It was raining, but… this rain was so different to the one I was used. In the future where I've always lived, rain was equal to danger. Once it started raining you had to find a place to shield yourself, or the heavy acid would simply kill you. But now everything was different. This was not the future. For the first time in my life I was standing in the rain and I was enjoying it. The water running all over my body felt like a purification. Finally…, this was where I was supposed to be.
I turned around and saw Nathan. He had his eyes closed. His face was totally relaxed, absolutely different to what I've seen the last months. Finally, after many years, he was able to fix the time machine, and make us return to the past. Well… in truth could you call past the time in which you were born?
He told me once, many years ago, that his childhood had been very similar to mine. He was taken to the future to survive. I was well aware of the virus that had damned his life, and knew that that was the reason why he grew up far away from his time and family.
He explained to me when I was a little child, that some people wanted me dead, and so in order to save me his father asked him to take me far in the future, where we wouldn't be reachable. It was supposed to be a place where I would grow without fear, without complications; a place where I could learn to use my so powerful powers.
Let's say that the first part wasn't as planned. We had to run many years, but in the end I was able to learn. My power manifested some time after X Force came to help us. With it, some memories retuned too. Well, at first I didn't know they were memories. I thought I was having nightmares, terrible ones. I used to wake up feeling incredibly sad, crying and screaming. Nate would always come and make me feel better. He always asked me to tell him the dream. He was always so concentrate, he would hear every word I said.
In the end, both my powers and memories retuned with full force. At first the power I had was overwhelming, so very difficult to control. But now, six years later, after a lot of effort and work, from mine and my father's, eeeehh well, Nathan's part, I have totally control over it. It's a part of myself I can't live without now.
I'm connected to the very same universe. I can feel the life that surrounds it. I am Phoenix after all! The creator, the savior, the destructor!! For the fist time in my entire existence (counting my previous life as Jean Grey, and most important, as a cosmic entity) I feel complete. Absolutely complete. I'm a whole being, with many defects, but also with many good things like a loving heart and worship for life.
Now I'm standing in the rain, thinking what this new place and Time will offer me. I remember my earlier life, the X Men. But most importantly. I remember him. Scott… What should I do? Return to him? Confront him after his betrayal? Do I really love him, or are these feelings only a product of my memories? It's true; I can't deny that I used to love him with all my being. Every time I saw him my heart would jump for him, beg for him. But now I only think of him with fondness, like a good memory, a good past.
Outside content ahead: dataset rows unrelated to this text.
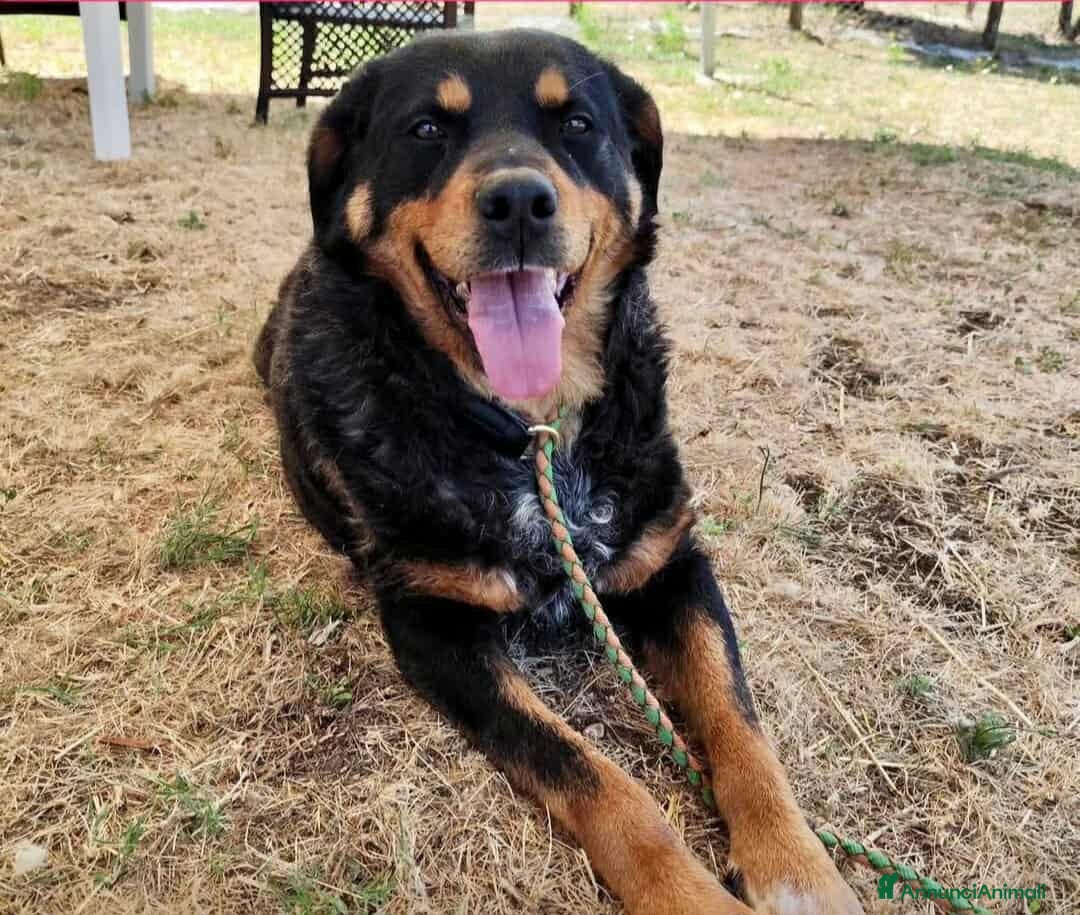 Rottweiler cani in regalo: GUENDY, dolcissima mix ROTT sfortunata - Annuncio 13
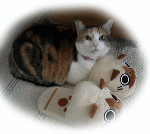 101211_mimi.gif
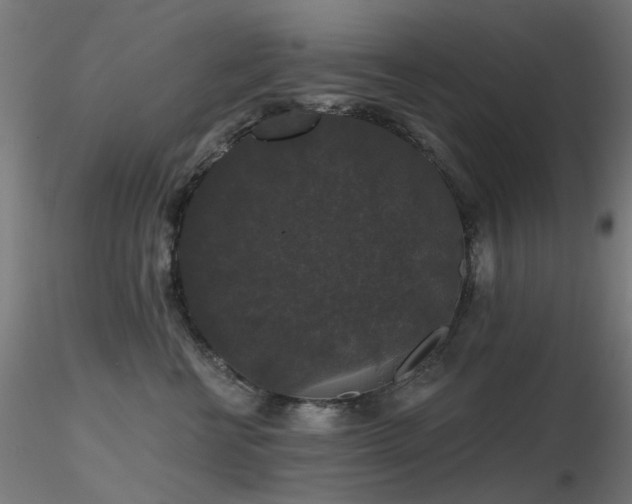 X0000116770570200912171536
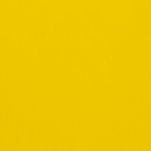 2019 Porsche 911 Racing Yellow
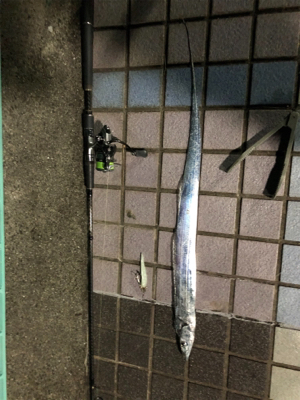 炙り刺身が食べたくて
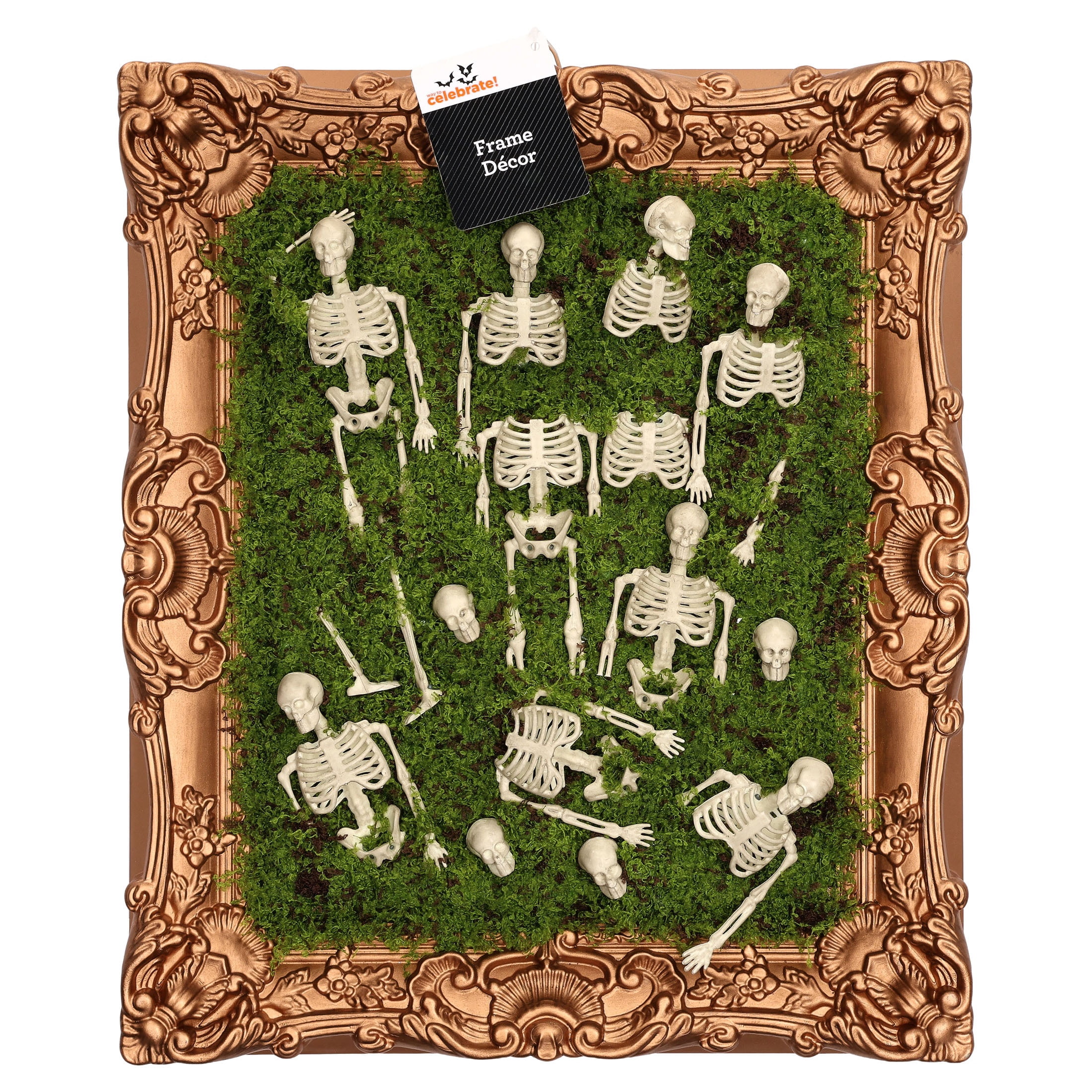 Skeleton Moss Framed Wall Art, Multicolor, 12" x 14.5", Halloween by Way To Celebrate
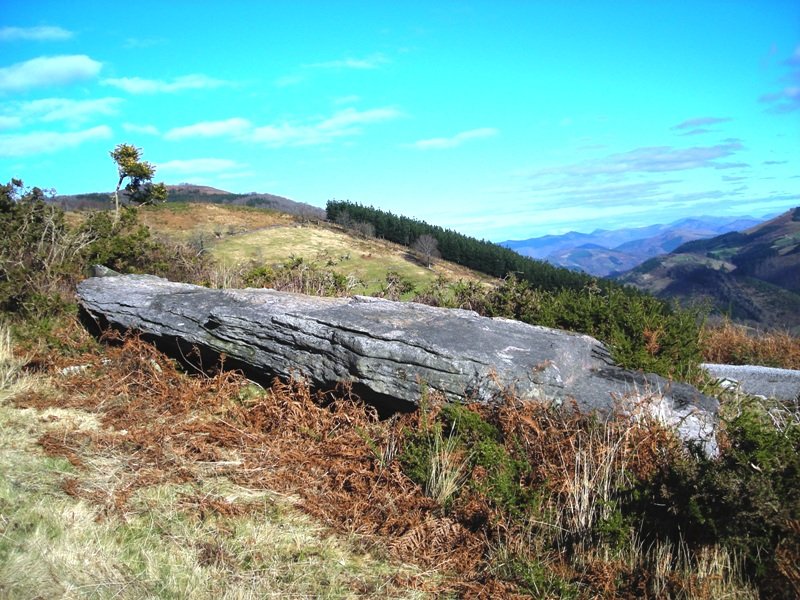 Azpilleta zutarria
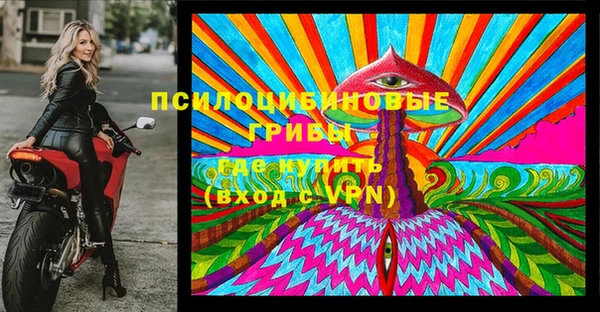 соль курить ск Михайловка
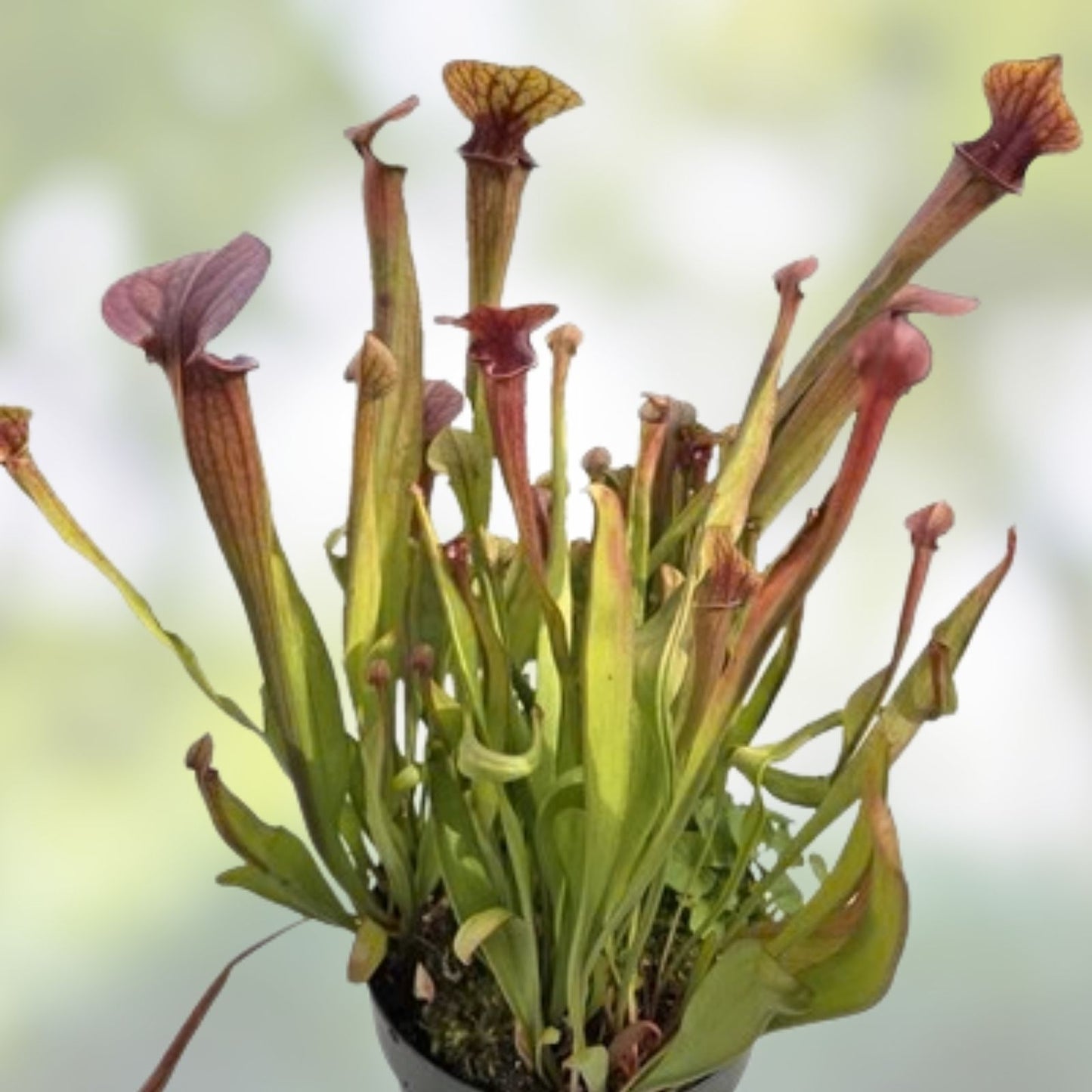 Sarracenia Seedling Oreo x Alata x Adrian S Select Carnivorous Pitcher Plant Unique Hybrid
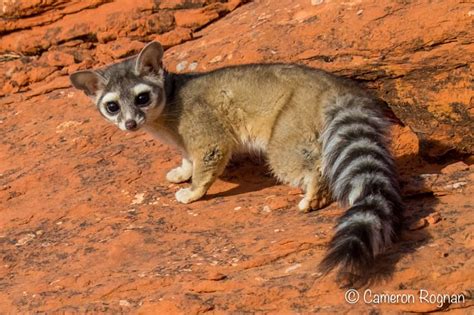 Baby Ringtail Cat / Ringtail Cat (Bassariscus astutus), baby, Arizona ...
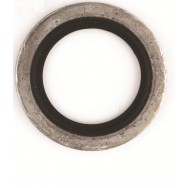 Image for Imperial Dowty Washers - 7/8? ID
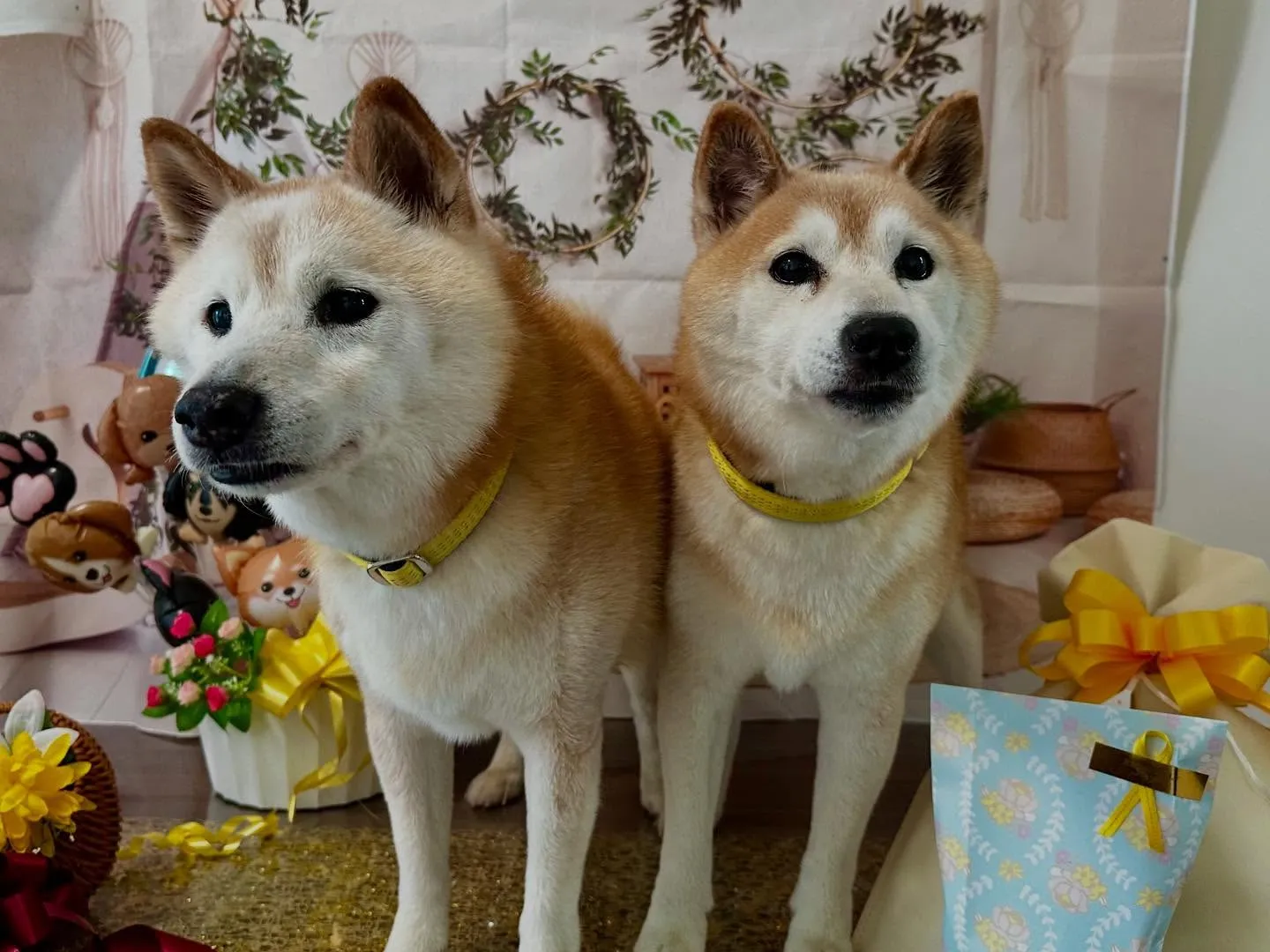 今日は飛鳥くんと雪丸くんのお誕生日でした🎂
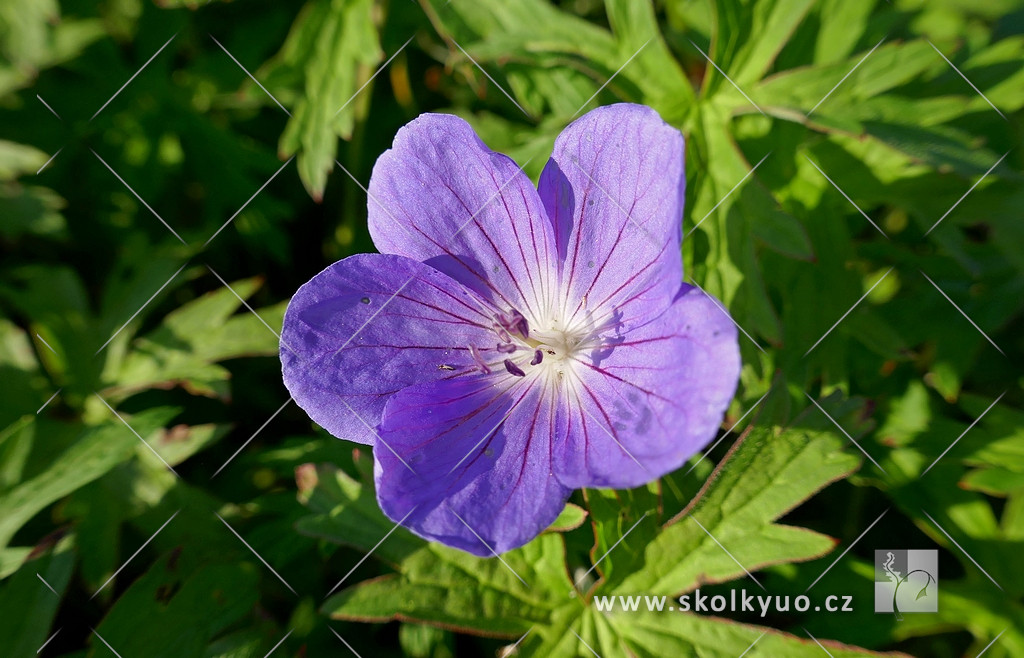 Geranium ´Brookside´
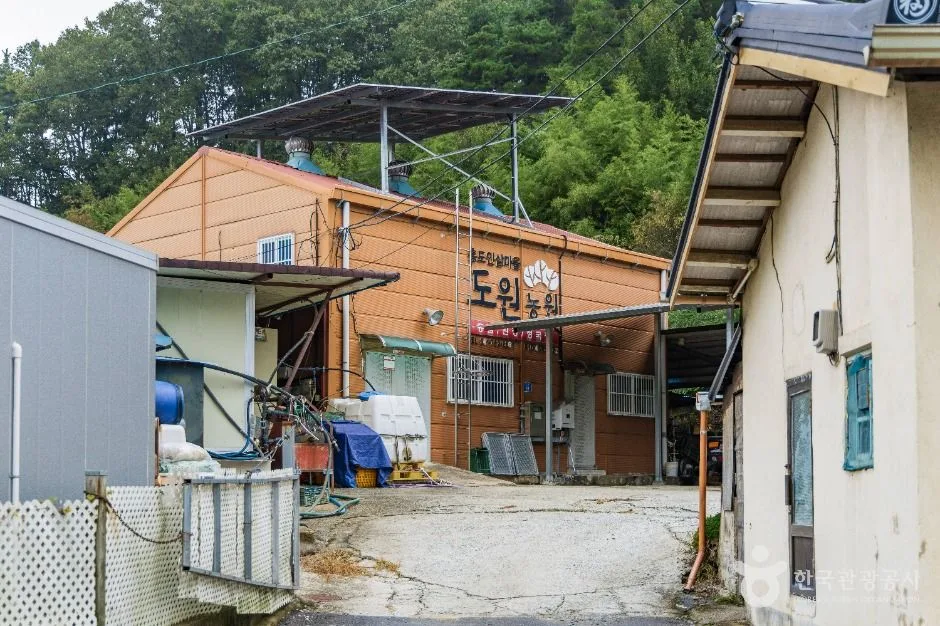 금산_홍도마을 (3)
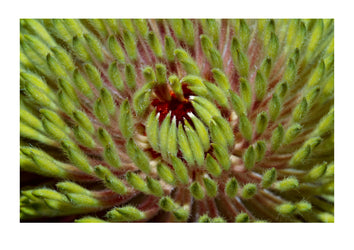 Close up of an opening banksia blossom showing the furry petals. Jan Juc, Victoria, Australia.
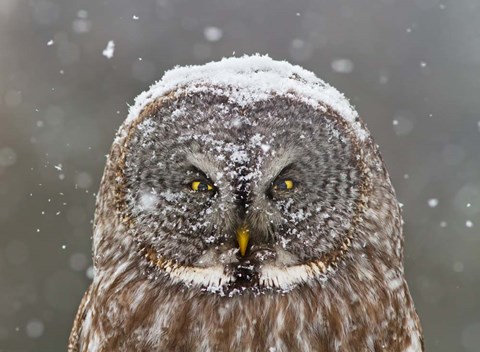 Framed Great Grey Owl Winter Portrait Print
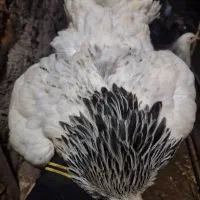 مرغ و خروس برهما لایت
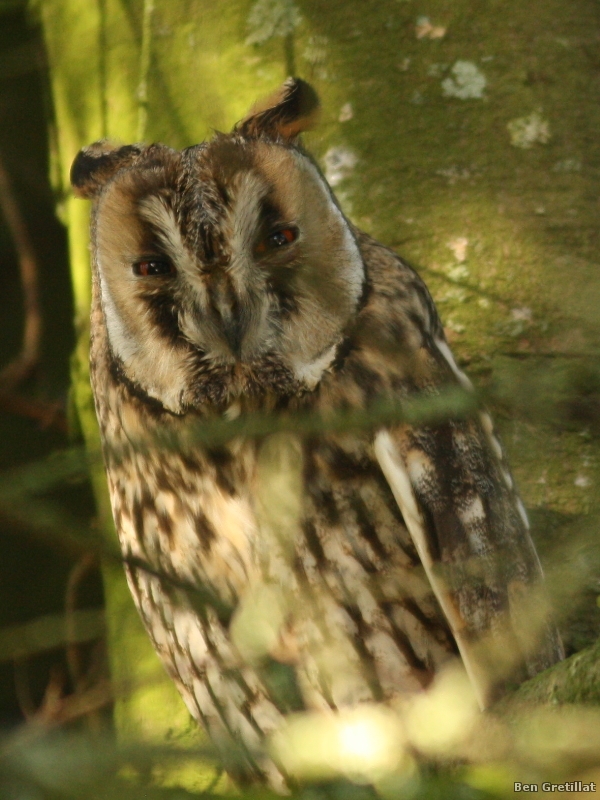 Photo Oiseaux Hibou moyen-duc (Asio otus)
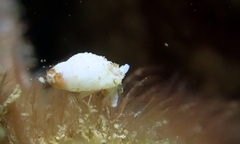 Neogastropoda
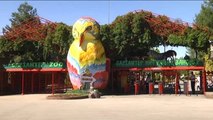 Sıcak Hava Hayvanat Bahçesi Sakinlerini Etkiledi - Gaziantep
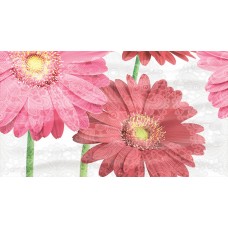 Плитка декор Ceradim Gerbera КПН16GerberaA розовый глянцевая глазурованная 45x25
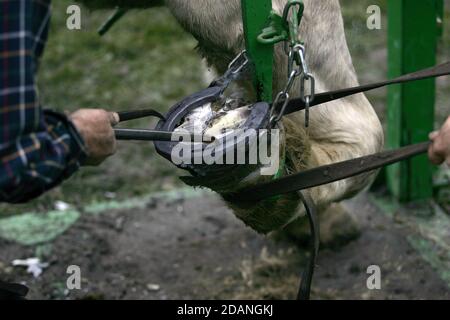 Fabbro SHODING UN CAVALLO PERCHERON, branding in rosso di un ferro da stiro caldo sullo zoccolo, NORMANDIA Foto Stock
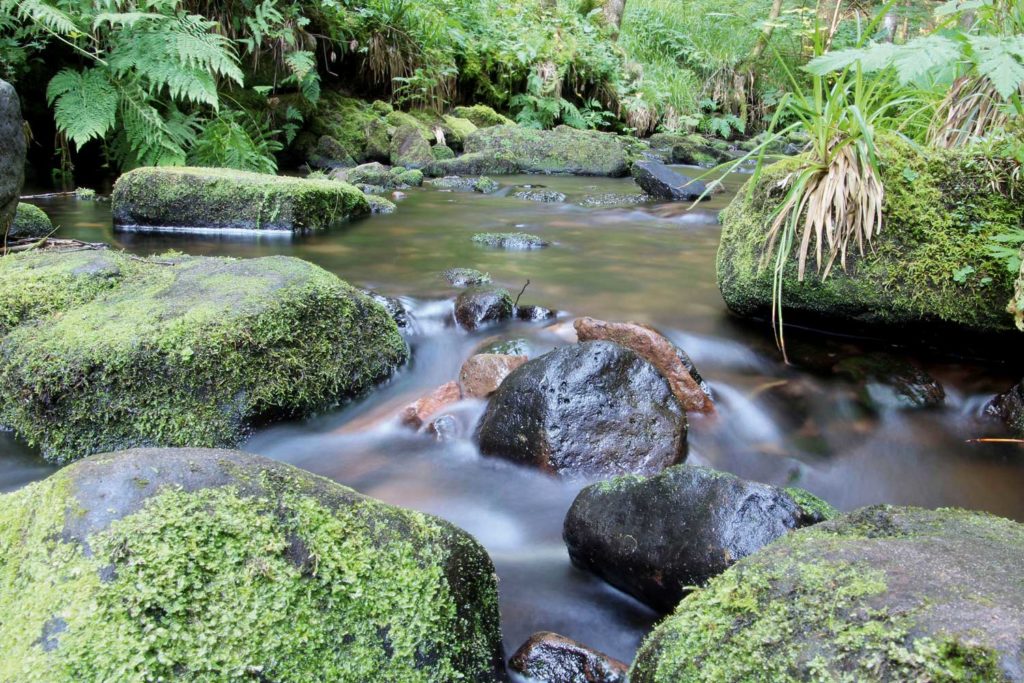 Hotel Sonne Baiersbronn: Wandern im Baiersbronner Wanderhimmel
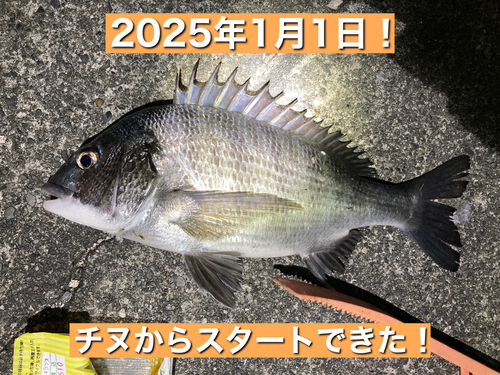 クロダイの釣果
No, I don't feel like that anymore. I am a new person, with a different past and needs. There is only one thing that keeps me thinking constantly about that life.
The first time I saw him some years ago in the Future, I instantly knew we had a connection, some sort of bond. I don't know if Logan recognized me then, but I truly don't care. I know him as well as myself. He loves me. I can feel it even now. Once Nathan and I entered this time I felt him reaching to me. I am sure it is an unconscious act, but his love and essence screams to me.
Yes, he is my future. He is where I am going now, where I will start this new life, he is Home.